In Keras, you would use a 1D convnet via the `Conv1D` layer, which has a very similar interface to `Conv2D`. It takes as input 3D tensors 
with shape `(samples, time, features)` and also returns similarly-shaped 3D tensors. The convolution window is a 1D window on the temporal 
axis, axis 1 in the input tensor.

Let's build a simple 2-layer 1D convnet and apply it to the IMDB sentiment classification task that you are already familiar with.

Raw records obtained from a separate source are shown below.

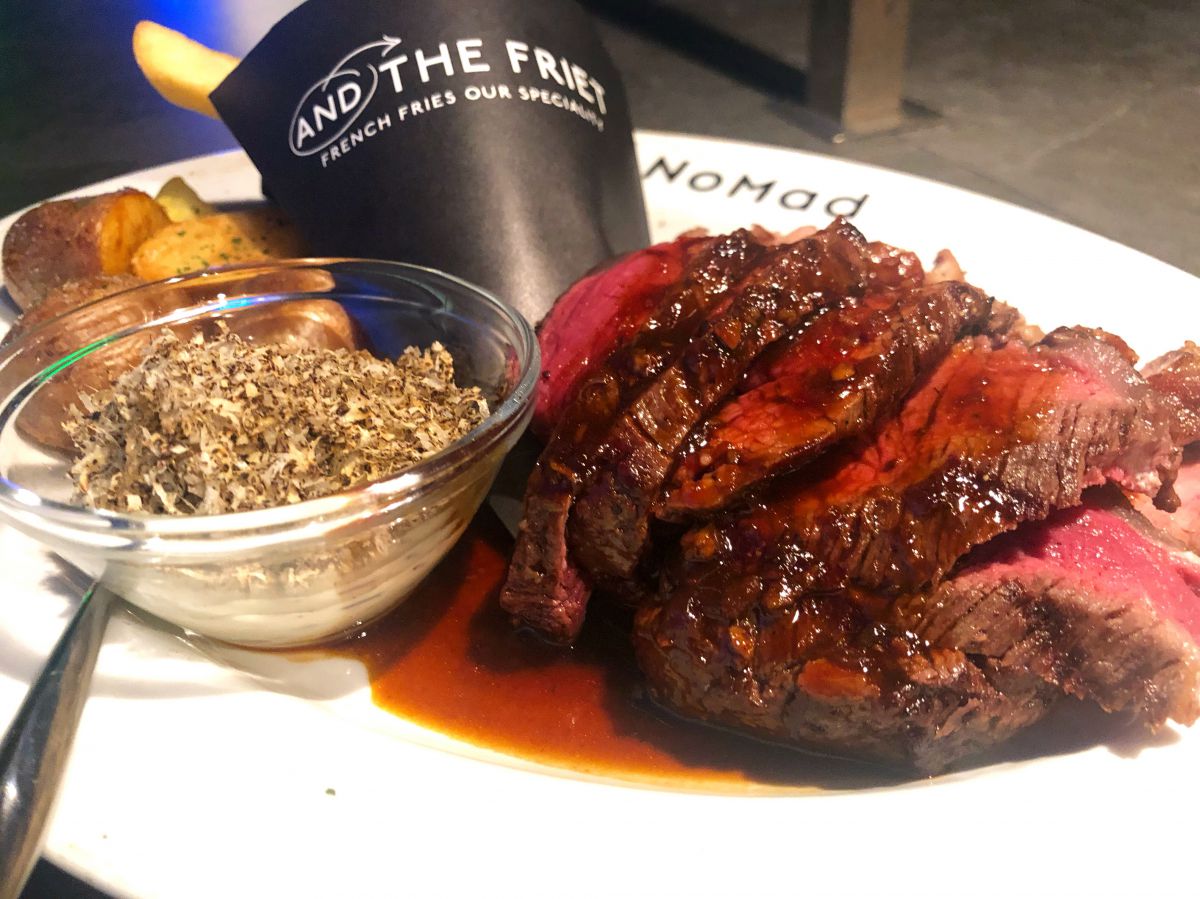 レアでジューシー！開放感抜群のルーフトップテラスで味わう絶品牛ステーキ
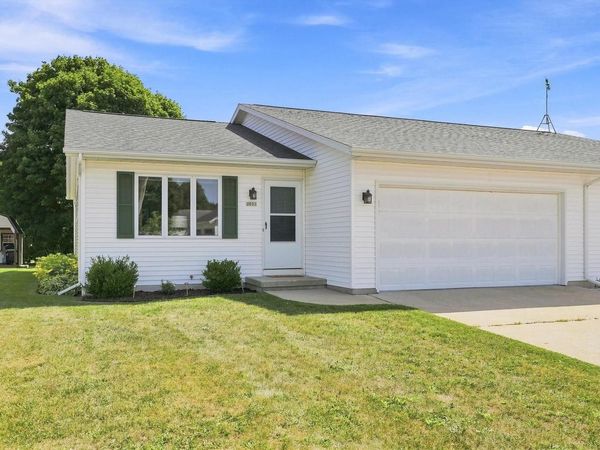 2033 Kellner STREET, Manitowoc, WI 54220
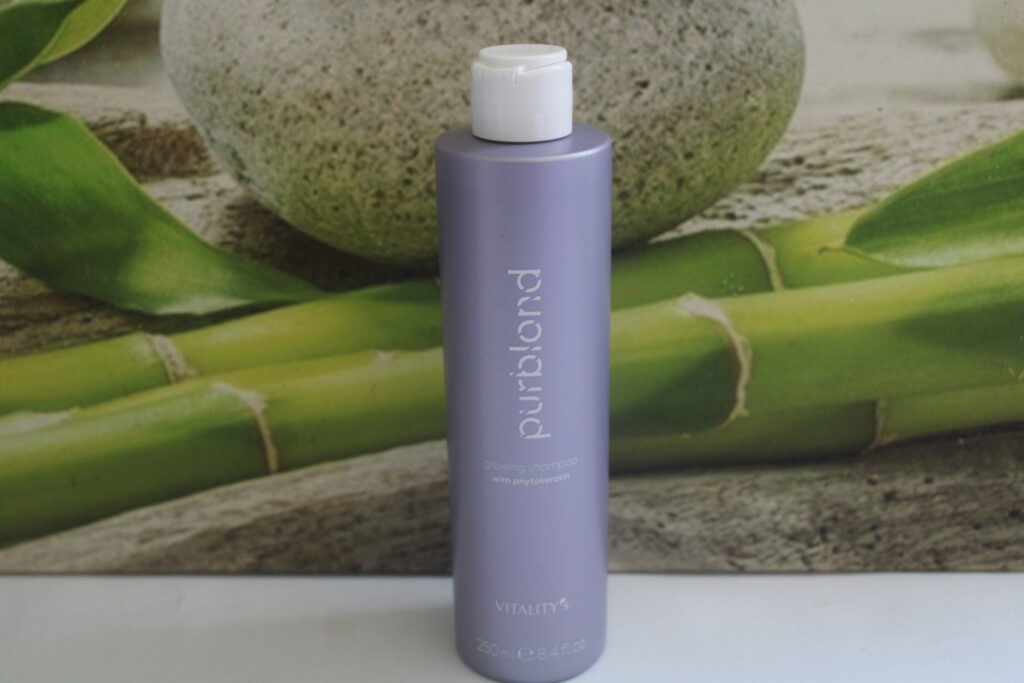 Optez pour le Shampoing Purblond à la Phytokératine de Vitality's pour des cheveux blonds éclatants et résistants. Neutralisez les reflets indésirables tout en renforçant vos cheveux blonds, décolorés, méchés ou gris naturels. Découvrez l'éclat pur avec Hair Réunion. #HairRéunion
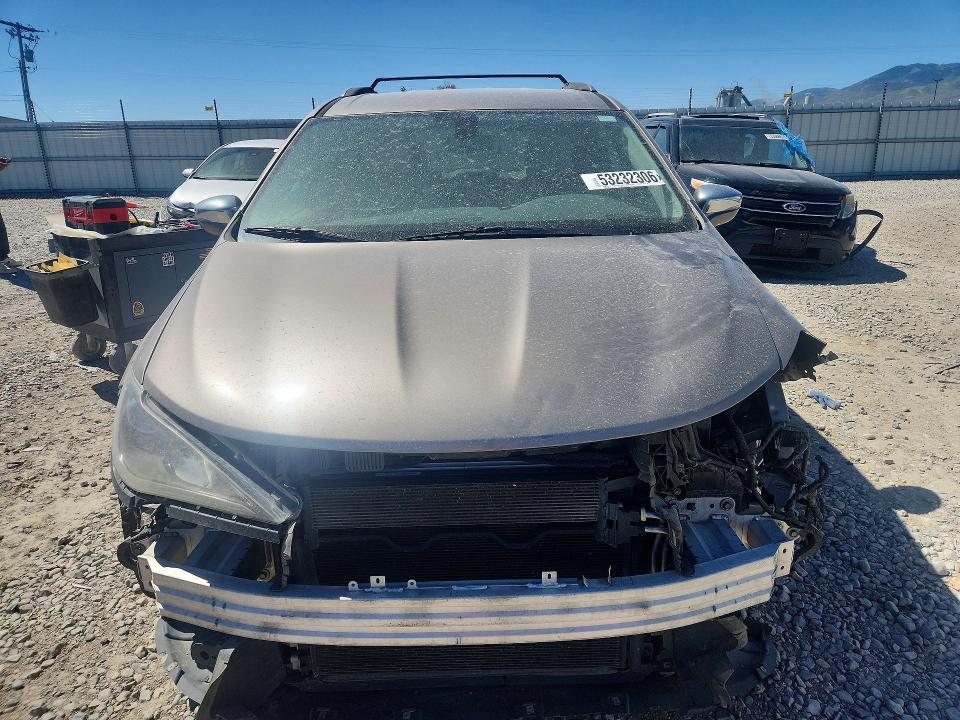 Продажа на аукционе авто 2017 Chrysler Pacifica, vin: 2C4RC1GG4HR616230, номер лота: 53232306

As a reminder, this is the code for obtaining and preprocessing the data:

#### Load dependencies

In [11]:
import keras
keras.__version__

from keras.datasets import imdb
from keras.preprocessing.sequence import pad_sequences
from keras.models import Sequential
from keras import layers
from keras.callbacks import ModelCheckpoint

import os

from sklearn.metrics import roc_auc_score 

import matplotlib.pyplot as plt 
%matplotlib inline

#### Directory to store check point files during training

In [12]:
# output directory name:
output_dir = 'model_output/conv'

#### Load data

In [13]:
n_unique_words = 10000 
print('Loading data...')
(x_train, y_train), (x_valid, y_valid) = imdb.load_data(num_words=n_unique_words) # removed n_words_to_skip
print(len(x_train), 'training sequences')
print(len(x_valid), 'validation sequences')

Loading data...
(25000, 'training sequences')
(25000, 'validation sequences')


#### Preprocess data

In [14]:
max_review_length = 500
pad_type = trunc_type = 'pre'
x_train = pad_sequences(x_train, maxlen=max_review_length, padding=pad_type, truncating=trunc_type, value=0)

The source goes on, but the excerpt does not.